- [What is needed] Leaving out the pictures, write out exactly each line from the line with "thumbnail Practice Meets Evidence" through the close of the listing below.

- [Raw data]
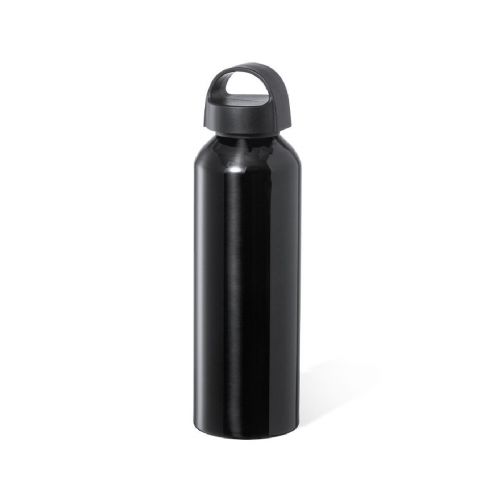 CARTHY - Bottle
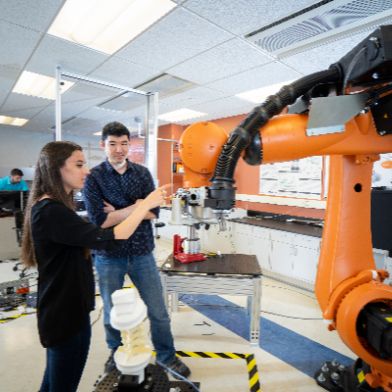 thumbnail Practice Meets Evidence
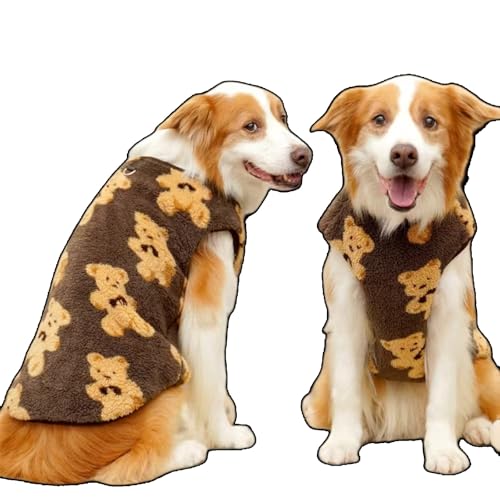 ӂӂ  ybg TVc H~ ^ m  hbOEFA t[X ^   ۉ t[X {Af Ȃ h g Eѕی Č Hc pW} UoEFA (FN},3xl)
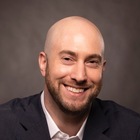 Adam Miller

- [Result of the task]
 thumbnail Practice Meets Evidence
 ӂӂ  ybg TVc H~ ^ m  hbOEFA t[X ^   ۉ t[X {Af Ȃ h g Eѕی Č Hc pW} UoEFA (FN},3xl)
 Adam Miller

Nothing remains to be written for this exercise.